Uli, der kleinste und naivste in der Klasse trat auf mich zu:
„Stimmt es was die ganze Klasse erzählt?“
„Was erzählt denn die ganze Klasse“, fragte ich treudoof?
„Na dass du mit Babsi geschlafen hast!“
Für einen Augenblick war ich völlig perplex und schaute Uli entgeistert an.
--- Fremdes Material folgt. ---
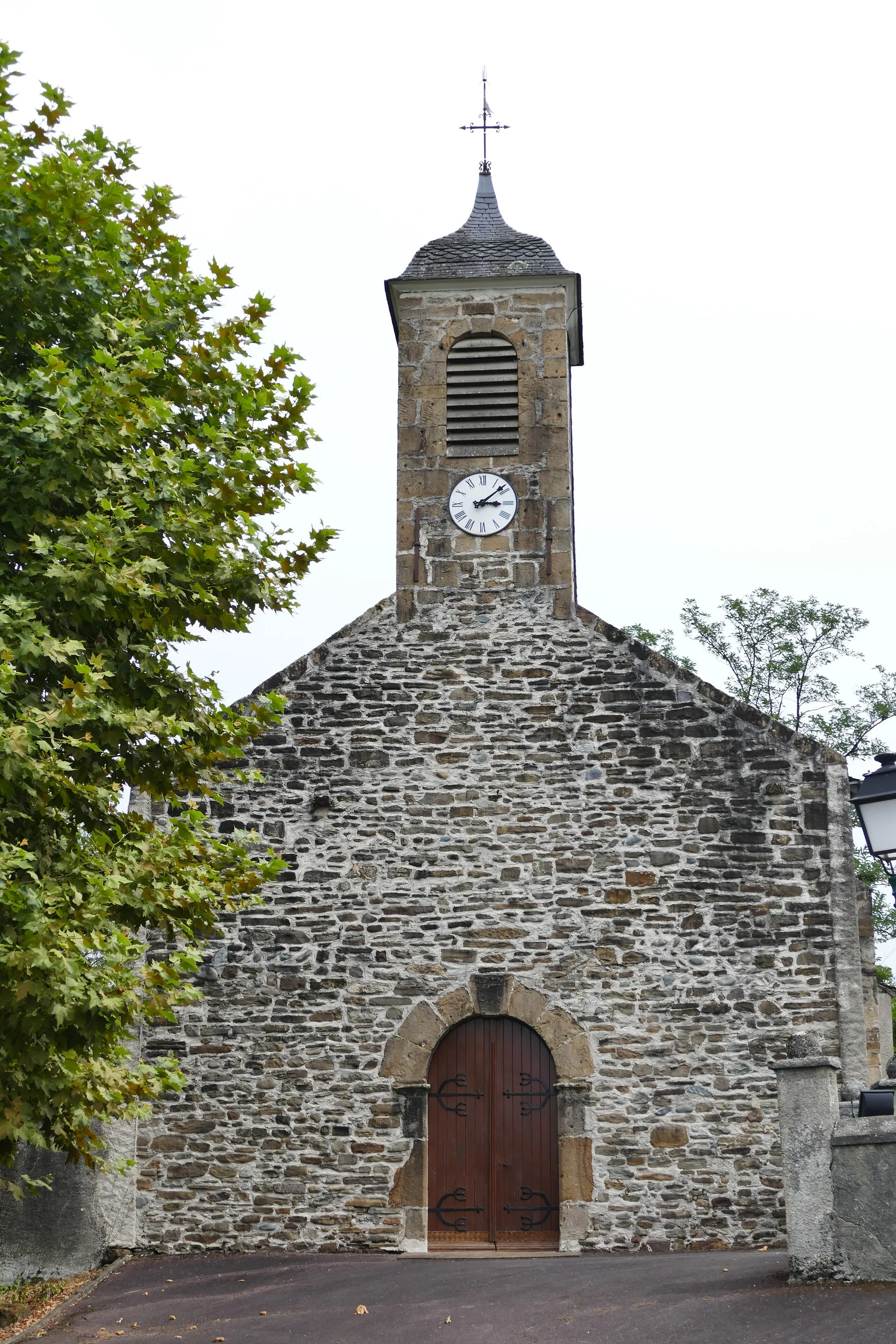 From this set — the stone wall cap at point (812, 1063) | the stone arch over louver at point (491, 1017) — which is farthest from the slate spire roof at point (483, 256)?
the stone wall cap at point (812, 1063)

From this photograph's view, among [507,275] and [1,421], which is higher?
[507,275]

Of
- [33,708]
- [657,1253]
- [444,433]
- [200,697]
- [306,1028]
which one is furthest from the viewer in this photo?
[444,433]

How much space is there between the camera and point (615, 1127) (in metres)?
11.7

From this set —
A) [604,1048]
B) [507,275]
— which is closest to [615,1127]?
[604,1048]

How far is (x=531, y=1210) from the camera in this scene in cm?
1178

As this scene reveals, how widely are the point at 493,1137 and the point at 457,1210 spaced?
63 centimetres

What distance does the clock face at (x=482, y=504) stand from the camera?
13.4 m

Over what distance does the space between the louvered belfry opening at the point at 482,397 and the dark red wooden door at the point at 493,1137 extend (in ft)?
16.8

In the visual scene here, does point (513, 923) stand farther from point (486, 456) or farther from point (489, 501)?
point (486, 456)

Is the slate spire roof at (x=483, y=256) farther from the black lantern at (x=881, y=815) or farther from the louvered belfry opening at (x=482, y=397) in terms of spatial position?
the black lantern at (x=881, y=815)

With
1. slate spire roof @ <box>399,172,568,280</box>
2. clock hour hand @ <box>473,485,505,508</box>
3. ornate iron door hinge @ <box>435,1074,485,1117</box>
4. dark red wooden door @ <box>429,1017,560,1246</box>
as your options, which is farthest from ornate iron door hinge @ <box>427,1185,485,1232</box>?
slate spire roof @ <box>399,172,568,280</box>

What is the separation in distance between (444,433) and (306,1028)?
538cm

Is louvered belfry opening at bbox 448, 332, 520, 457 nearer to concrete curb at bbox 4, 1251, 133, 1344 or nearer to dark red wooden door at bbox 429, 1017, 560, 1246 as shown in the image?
dark red wooden door at bbox 429, 1017, 560, 1246

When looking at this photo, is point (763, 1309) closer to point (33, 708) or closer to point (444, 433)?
point (33, 708) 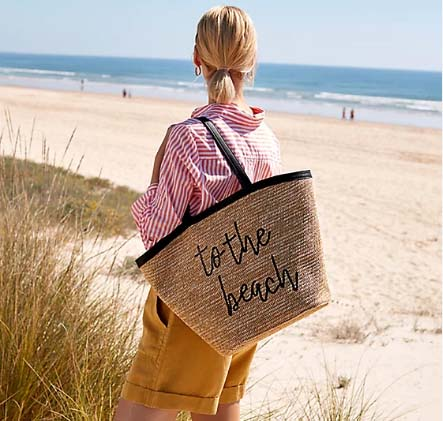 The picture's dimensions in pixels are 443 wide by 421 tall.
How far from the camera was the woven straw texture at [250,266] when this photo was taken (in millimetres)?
2006

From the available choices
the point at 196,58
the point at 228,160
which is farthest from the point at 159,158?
the point at 196,58

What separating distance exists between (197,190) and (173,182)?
0.24 ft

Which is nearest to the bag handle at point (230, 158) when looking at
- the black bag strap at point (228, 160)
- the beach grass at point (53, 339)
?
the black bag strap at point (228, 160)

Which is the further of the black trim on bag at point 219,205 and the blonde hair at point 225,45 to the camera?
the blonde hair at point 225,45

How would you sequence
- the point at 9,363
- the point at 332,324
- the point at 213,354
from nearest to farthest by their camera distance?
the point at 213,354 < the point at 9,363 < the point at 332,324

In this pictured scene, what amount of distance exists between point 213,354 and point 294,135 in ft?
84.9

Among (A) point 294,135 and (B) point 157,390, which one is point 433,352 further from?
(A) point 294,135

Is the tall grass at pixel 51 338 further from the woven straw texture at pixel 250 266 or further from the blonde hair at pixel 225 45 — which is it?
the blonde hair at pixel 225 45

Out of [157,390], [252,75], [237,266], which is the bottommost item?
[157,390]

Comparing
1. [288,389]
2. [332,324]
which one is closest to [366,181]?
[332,324]

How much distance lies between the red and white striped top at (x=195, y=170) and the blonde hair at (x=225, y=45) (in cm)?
6

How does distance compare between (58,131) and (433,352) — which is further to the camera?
(58,131)

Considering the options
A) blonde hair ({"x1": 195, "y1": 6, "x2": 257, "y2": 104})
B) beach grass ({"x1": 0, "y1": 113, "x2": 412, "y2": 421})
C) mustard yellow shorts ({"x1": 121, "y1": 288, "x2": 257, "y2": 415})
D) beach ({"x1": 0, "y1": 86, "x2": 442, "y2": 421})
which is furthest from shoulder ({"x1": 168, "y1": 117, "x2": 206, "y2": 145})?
beach ({"x1": 0, "y1": 86, "x2": 442, "y2": 421})

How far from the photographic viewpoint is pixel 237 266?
6.65ft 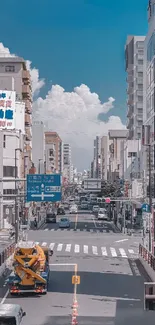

„Wie kommst du denn auf so einen Schmarren?“
„Hat mir Klaus erzählt!“
Aha, mal wieder dieser Intrigant!
„Dann bestell ihm mal schöne Grüße und wenn ich mit Babsi geschlafen habe wäre er der Letzte dem ich davon erzähle.“
Er wollte schon dienstbeflissen davonlaufen aber ich hielt ihm Arm zurück:
„Noch etwas Uli. Erzähle ihm, dass ich nach Schulschluss seine dämliche Fresse polieren werde!“
Ich wusste, dass Uli ihm dies wörtlich wiedergeben würde und grinste vor mich hin. Ich sah Klaus schon mit der Tasche unter dem Arm im Laufschritt nach Hause rennen.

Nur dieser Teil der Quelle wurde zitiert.